Et pour cause, les bâtisses non raccordées au réseau n’existaient pas encore au moment du passage des lignes électriques. Les responsables de l’APC d’Ighil-Ali qui se sont fait l’écho des doléances citoyennes, nous ont exhibé une pléthore de demandes adressées à l’agence Sonelgaz par les villageois concernés et datant pour les plus vieilles de l’année 2002. Mais depuis que des demandes restées lettres mortes, de démarches vaines et de requêtes sans lendemain !

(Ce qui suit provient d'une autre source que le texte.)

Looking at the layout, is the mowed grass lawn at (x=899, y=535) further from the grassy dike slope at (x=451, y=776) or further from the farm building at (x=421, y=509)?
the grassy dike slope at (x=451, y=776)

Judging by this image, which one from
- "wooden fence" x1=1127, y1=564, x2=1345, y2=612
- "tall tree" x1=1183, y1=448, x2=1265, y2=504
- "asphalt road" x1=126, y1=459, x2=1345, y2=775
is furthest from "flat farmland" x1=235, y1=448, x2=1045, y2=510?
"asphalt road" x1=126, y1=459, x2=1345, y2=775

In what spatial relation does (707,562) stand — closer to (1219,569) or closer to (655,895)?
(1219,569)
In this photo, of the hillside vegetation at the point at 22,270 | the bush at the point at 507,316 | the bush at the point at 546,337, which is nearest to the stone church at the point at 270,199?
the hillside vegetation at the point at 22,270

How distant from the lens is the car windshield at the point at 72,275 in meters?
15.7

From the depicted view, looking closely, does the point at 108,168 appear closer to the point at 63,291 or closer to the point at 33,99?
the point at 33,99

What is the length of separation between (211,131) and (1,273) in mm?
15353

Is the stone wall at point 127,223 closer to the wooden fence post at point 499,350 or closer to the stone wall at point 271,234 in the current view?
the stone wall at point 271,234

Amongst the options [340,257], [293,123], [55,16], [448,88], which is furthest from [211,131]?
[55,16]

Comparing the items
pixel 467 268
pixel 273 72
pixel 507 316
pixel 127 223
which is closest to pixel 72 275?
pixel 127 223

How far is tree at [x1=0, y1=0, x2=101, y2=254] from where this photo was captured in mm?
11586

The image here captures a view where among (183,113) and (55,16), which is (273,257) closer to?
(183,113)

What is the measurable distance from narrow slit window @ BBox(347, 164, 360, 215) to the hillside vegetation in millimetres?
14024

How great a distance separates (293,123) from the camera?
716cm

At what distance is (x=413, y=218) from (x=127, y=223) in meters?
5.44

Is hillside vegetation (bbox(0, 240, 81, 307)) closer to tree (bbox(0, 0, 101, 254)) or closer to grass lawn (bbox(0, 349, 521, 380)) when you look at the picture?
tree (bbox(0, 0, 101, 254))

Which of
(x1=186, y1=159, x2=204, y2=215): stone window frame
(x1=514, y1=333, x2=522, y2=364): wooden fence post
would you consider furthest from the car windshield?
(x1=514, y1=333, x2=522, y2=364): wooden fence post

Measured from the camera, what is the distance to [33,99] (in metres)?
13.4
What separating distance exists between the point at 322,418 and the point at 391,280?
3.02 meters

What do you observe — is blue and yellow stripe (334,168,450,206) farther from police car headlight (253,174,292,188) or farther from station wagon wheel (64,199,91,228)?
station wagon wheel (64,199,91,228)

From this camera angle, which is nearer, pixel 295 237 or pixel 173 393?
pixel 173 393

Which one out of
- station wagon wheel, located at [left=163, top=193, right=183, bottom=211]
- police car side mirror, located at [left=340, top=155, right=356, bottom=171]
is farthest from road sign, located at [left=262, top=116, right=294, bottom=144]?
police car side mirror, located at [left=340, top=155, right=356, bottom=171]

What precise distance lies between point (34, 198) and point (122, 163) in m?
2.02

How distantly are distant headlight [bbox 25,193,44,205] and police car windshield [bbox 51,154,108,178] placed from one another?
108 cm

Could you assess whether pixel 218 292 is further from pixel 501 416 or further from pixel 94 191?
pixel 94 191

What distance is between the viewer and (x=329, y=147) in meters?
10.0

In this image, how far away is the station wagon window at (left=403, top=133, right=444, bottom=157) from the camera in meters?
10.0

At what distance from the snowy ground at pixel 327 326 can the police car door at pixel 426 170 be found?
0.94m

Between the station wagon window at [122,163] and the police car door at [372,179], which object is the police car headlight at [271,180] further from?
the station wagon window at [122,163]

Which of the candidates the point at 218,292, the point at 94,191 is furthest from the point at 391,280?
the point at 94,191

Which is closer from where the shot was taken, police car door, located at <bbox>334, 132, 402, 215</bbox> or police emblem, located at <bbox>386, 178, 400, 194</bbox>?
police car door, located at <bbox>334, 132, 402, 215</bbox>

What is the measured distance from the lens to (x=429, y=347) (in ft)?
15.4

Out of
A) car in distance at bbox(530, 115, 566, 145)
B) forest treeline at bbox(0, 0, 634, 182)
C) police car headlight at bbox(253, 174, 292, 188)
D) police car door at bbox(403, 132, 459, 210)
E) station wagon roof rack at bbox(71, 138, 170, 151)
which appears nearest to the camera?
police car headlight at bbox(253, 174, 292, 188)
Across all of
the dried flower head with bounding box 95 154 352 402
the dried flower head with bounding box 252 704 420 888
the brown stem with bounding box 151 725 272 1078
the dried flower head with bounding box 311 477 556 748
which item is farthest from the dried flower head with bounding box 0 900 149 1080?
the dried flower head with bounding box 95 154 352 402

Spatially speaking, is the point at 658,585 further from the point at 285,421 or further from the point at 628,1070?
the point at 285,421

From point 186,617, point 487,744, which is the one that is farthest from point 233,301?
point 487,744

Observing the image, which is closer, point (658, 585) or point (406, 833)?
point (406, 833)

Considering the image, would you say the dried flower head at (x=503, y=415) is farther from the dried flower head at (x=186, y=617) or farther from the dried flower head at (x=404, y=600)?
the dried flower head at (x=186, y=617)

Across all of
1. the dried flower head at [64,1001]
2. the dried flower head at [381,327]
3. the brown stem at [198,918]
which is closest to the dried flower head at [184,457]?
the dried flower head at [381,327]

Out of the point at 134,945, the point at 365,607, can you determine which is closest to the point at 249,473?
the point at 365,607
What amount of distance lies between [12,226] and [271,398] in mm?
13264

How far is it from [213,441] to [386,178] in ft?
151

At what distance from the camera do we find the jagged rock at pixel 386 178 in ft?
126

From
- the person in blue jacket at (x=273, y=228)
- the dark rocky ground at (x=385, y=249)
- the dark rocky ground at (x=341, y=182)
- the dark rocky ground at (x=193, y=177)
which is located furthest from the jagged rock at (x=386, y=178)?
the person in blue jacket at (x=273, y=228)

La délimitation d’assiettes au niveau de deux sites faite par la Direction de mines et de l’industrie (DMI) fin 2007 a fait naître une lueur d’espoir chez les citoyens concernés. Les choses en sont, hélas, restées là. « Nous avons fait une proposition pour prendre en charge ce projet dans le cadre du budget de wilaya », nous ont fait savoir les responsables de l’APC d’Ighil Ali. Le jeu en vaut la chandelle, sachant que l’APC est incapable de financer un tel projet et Sonelgaz, logique économique et rentabilité oblige, rechigne à supporter le coût de l’investissement.
N. M.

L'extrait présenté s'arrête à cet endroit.